Matt war gerade aus der Tür raus, als Mello auch schon die Decke wegtrat und langsam aufstand. Schmerzen hatte er glücklicherweise im Moment bis auf diese dumpfen Kopfschmerzen keine mehr, aber wer wusste schon wie lange dieser Zustand anhalten würde? Oberste Priorität hatte es auf jeden Fall erst einmal hier weg zu kommen und damit möglichst viel Abstand zwischen Beyond und ihn zu bringen. Da war es ihm gerade nur recht gekommen, dass Matt ihm dieses Geständnis gemacht hatte und er seine Wut auf Beyond so nutzen konnte, um die Beiden aufeinander zu hetzen. Es tat ihm für Matt wirklich leid und er konnte nur hoffen, dass er irgendwie die Oberhand gewann und Beyond vielleicht sogar ernsthaften Schaden zufügen konnte und nicht gnadenlos unterging, aber er hatte einfach keinen anderen Weg gesehen hier raus zu kommen und schon alleine der Gedanke daran, dass Matt Beyond in seiner Wut ausschalten könnte, hatte ihn zu dieser Handlung bewegt. Er hatte sich damit geoutet und seine Beziehung mit Beyond offengelegt, aber das musste es wert sein.
Leise schlich er sich aus der Wohnung, versuchte lediglich unbemerkt zu entkommen und interessierte sich nicht weiter für seine Umgebung. Es war schon ein ziemlich seltsames Gefühl, jetzt von Matt eine Liebeserklärung bekommen zu haben. Plötzlich ergab so ziemlich alles Sinn, was vorher nichts weiter als wirres Zeug gewesen war.

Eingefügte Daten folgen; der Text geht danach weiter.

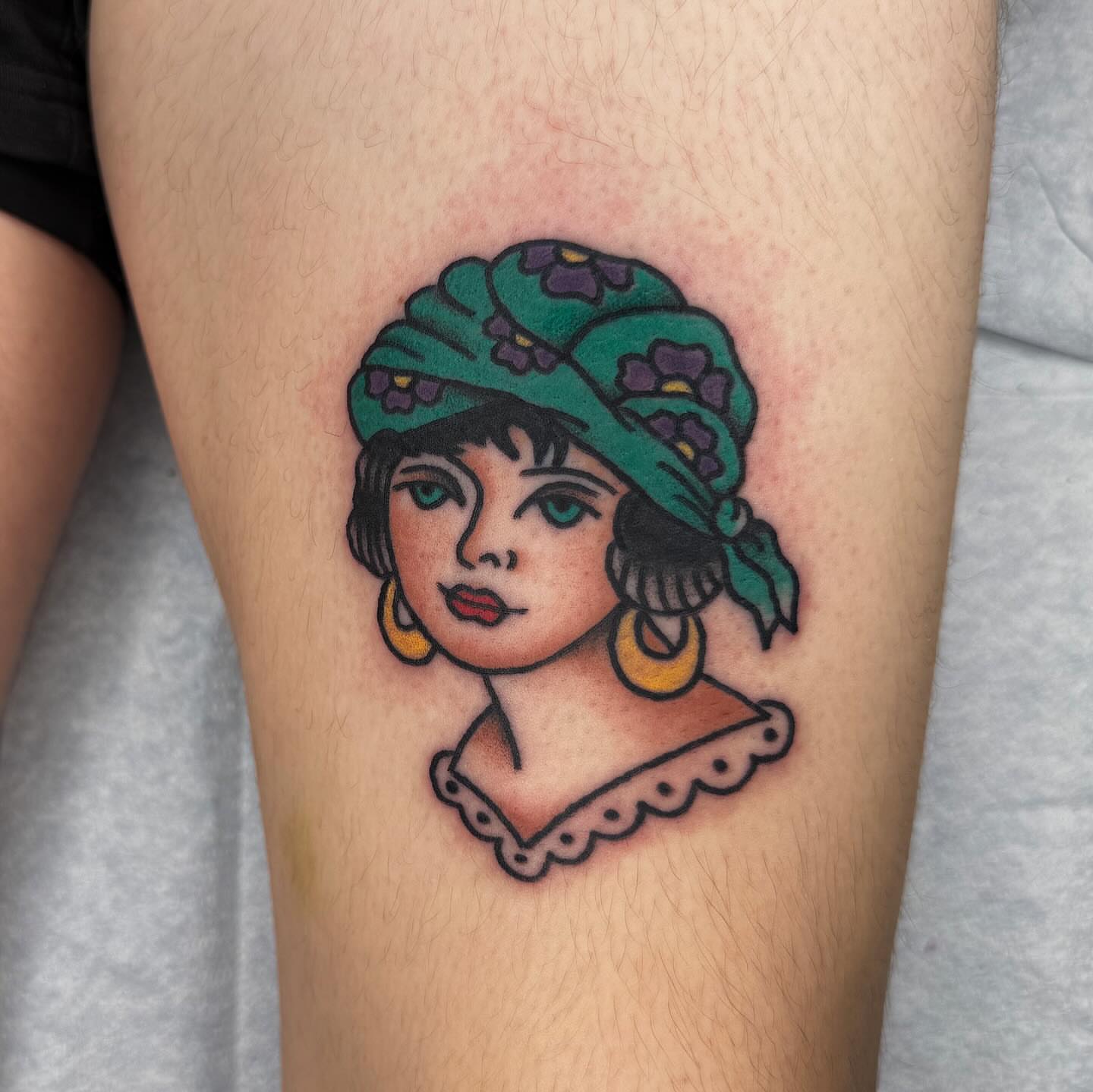 Woman wearing hat new school tattoo on the thigh by 𝕮𝖆𝖘𝖊𝖞 𝕭𝖆𝖘𝖍𝖊𝖗
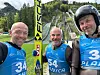 Tre skihoppere i blå drakter foran en skihoppbakke.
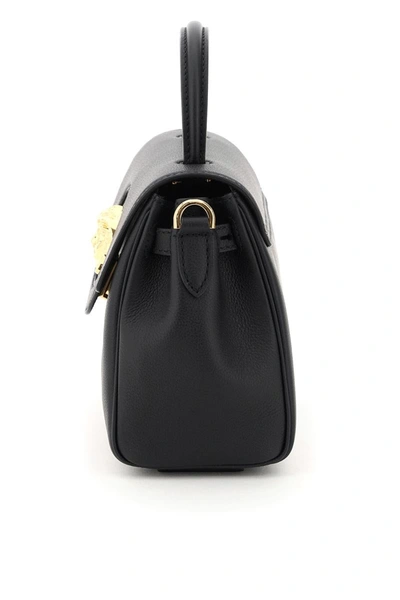 Shop Versace La Medusa Mini Handbag In Black
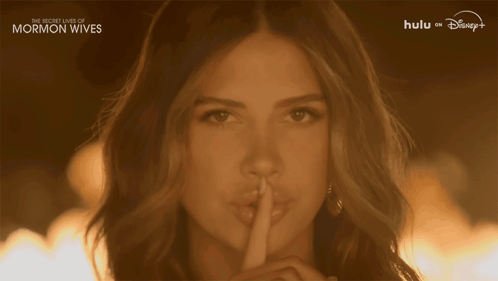A Woman Holds Her Finger To Her Lips With The Words " The Secret Lives Of Mormon Wives " On The Bottom GIF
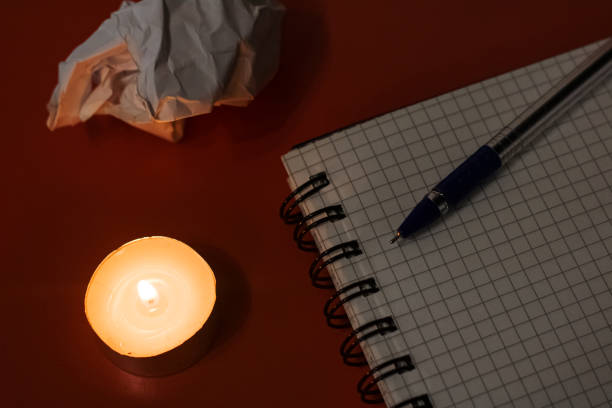 istock Notebook, pen, candle and crumpled sheet of paper 1300944167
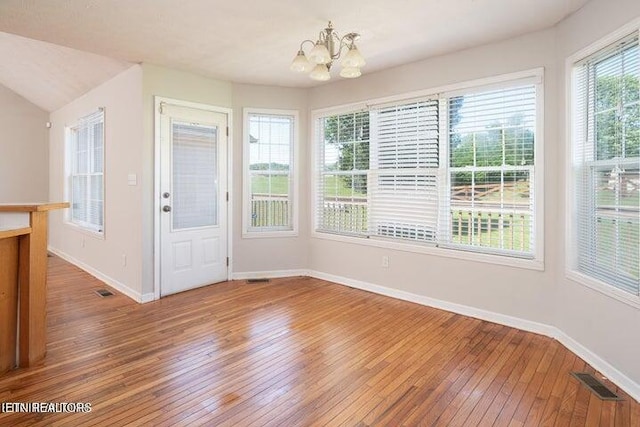 unfurnished dining area featuring hardwood / wood-style floors and a notable chandelier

Nein, er durfte jetzt nicht darüber nachdenken, im Moment zählten deutlich andere Dinge. Zuerst einmal brauchte er ein Ort, wo er sich ausruhen konnte und wo Beyond ihn nicht finden würde, wenn er mit Matt fertig war. Es würde wohl nicht leicht werden einen solchen Ort auf die Schnelle zu finden, deshalb war es wohl das beste, wenn er sich Geld aus seiner Wohnung mitnahm und erst einmal in die Stadt absetzte, zumindest solange bis er fit genug war um Beyond wieder gegenüber zu treten.
Endlich erreichte er das Taira und betrat die sicheren vier Wände. Bisher war Beyond noch nie hier gewesen, es war immer der sicherste Ort für ihn gewesen, aber das würde sich in Zukunft wohl auch ändern. Darum musste er hier weg. Er wollte gerade die Treppe in Angriff nehmen, als oben eine Tür geöffnet wurde und er bewegungslos verharrte und lauschte. Er konnte zwar nur einzelne, zusammenhanglose Wortfetzen verstehen, aber die eine Stimme gehörte eindeutig zu Misa. Er würde ihre Stimme unter tausenden wiedererkennen, so nervig wie sie war. Er wollte Misa nicht begegnen, nicht in diesem Zustand, aus diesem Grund blieb er erst einmal an der Treppe stehen und wartete. Nach etwa zwei Minuten wurde die Tür endlich geschlossen und jemand kam die Treppe herunter. Light Yagami, ihr Schulsprecher?!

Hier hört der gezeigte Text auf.